Supplied information:
□ □ □
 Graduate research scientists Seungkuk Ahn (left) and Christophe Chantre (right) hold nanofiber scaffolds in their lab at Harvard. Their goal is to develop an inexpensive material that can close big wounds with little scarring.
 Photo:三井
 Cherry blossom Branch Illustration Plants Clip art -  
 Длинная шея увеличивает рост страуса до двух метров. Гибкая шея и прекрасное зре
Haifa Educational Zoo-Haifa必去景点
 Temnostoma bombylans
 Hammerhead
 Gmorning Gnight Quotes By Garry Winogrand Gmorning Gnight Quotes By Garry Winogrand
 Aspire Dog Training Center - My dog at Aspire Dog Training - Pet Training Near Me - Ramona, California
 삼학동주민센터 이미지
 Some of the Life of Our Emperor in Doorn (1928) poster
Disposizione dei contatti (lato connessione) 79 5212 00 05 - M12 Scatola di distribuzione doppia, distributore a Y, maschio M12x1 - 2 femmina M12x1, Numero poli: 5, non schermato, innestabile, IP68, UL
□ □ □
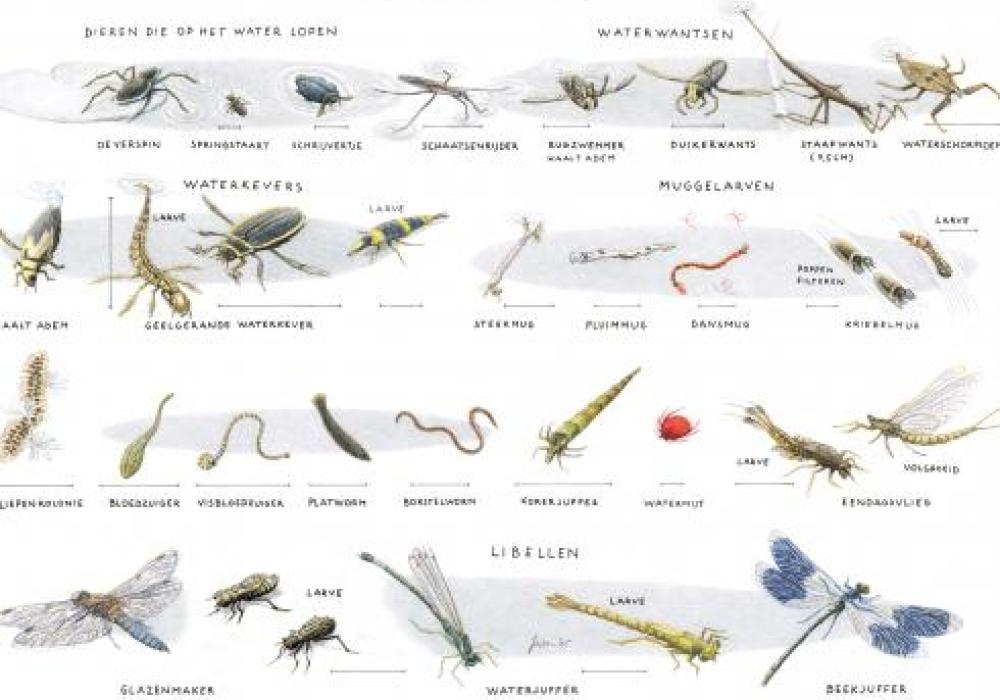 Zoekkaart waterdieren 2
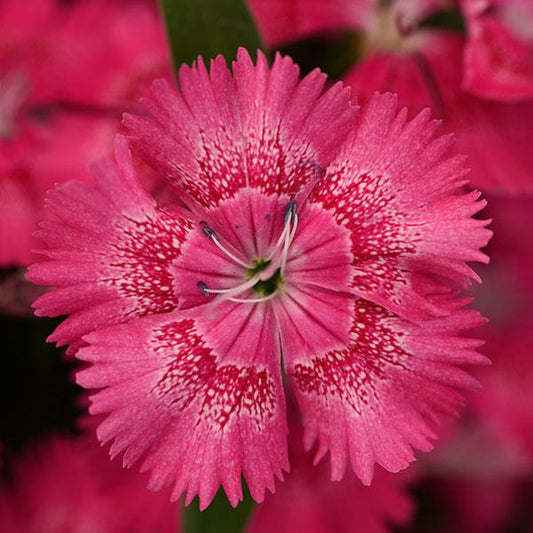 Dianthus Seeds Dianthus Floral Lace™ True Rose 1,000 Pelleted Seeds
□ □ □
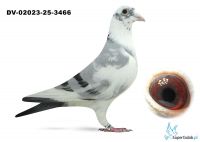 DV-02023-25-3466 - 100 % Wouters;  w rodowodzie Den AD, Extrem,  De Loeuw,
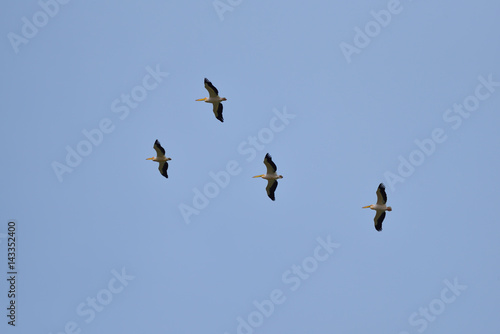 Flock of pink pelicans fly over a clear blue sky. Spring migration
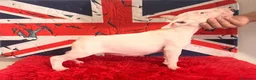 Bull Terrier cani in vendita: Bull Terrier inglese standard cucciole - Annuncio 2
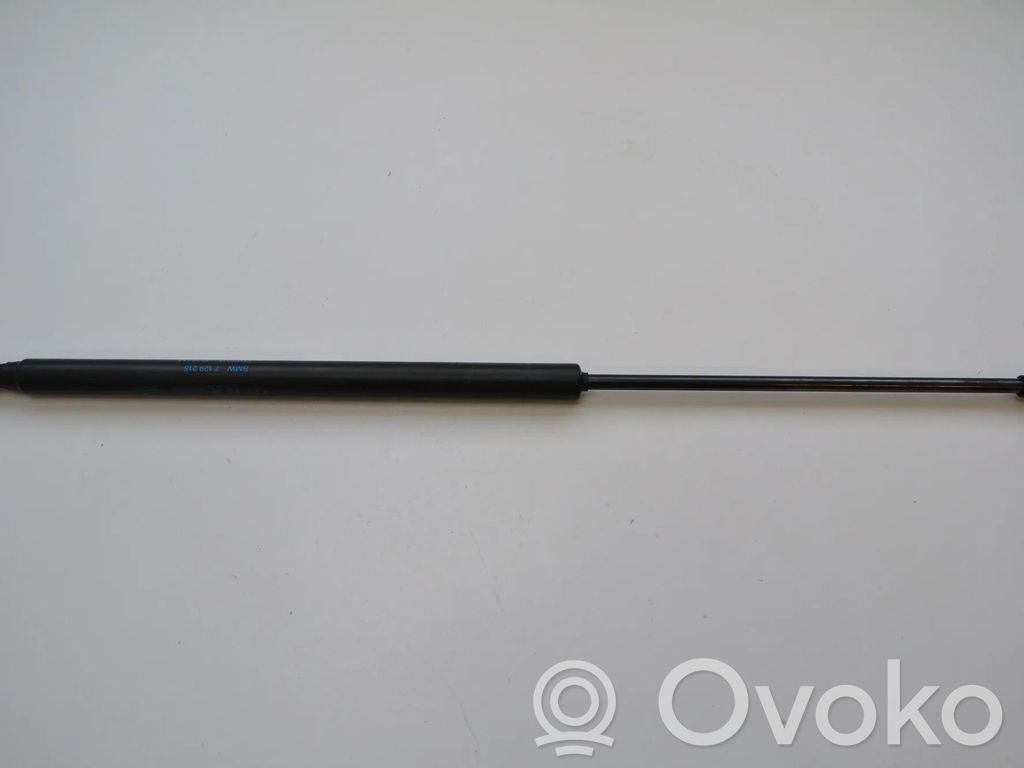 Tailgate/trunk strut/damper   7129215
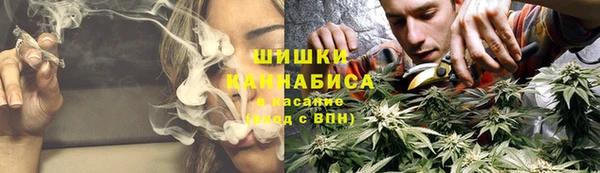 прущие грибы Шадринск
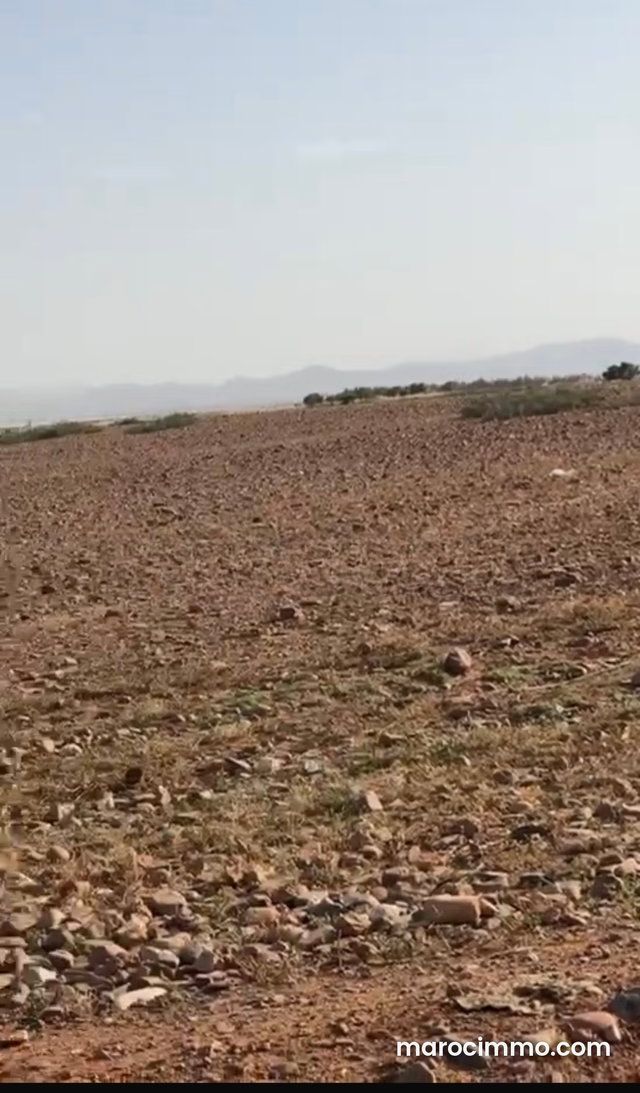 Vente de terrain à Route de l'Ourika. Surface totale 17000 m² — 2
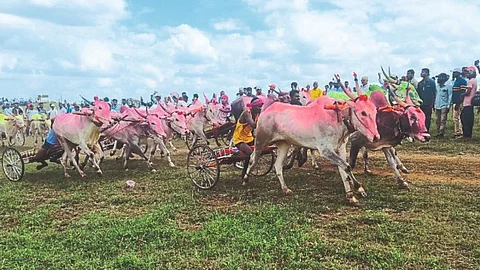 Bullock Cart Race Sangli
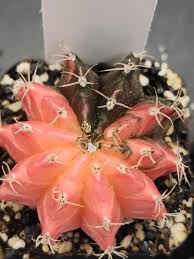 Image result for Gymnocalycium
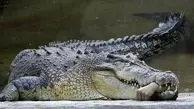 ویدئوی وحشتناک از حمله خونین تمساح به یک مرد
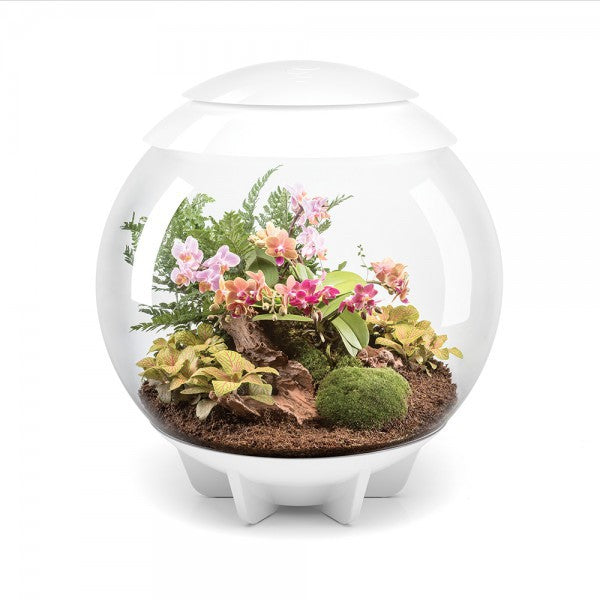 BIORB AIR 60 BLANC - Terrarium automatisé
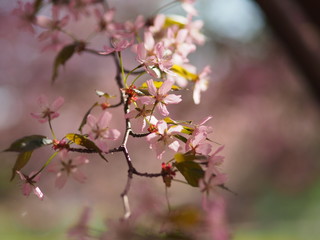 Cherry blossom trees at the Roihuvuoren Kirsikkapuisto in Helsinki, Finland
□ □ □
Work instructions:
Write down exactly what the lines above say, from the line holding "ویدئوی وحشتناک از حمله خونین تمساح به یک مرد" through the line holding "Cherry blossom trees", and nothing more. Do not copy the pictures.

Written answer:
 ویدئوی وحشتناک از حمله خونین تمساح به یک مرد
 BIORB AIR 60 BLANC - Terrarium automatisé
 Cherry blossom trees at the Roihuvuoren Kirsikkapuisto in Helsinki, Finland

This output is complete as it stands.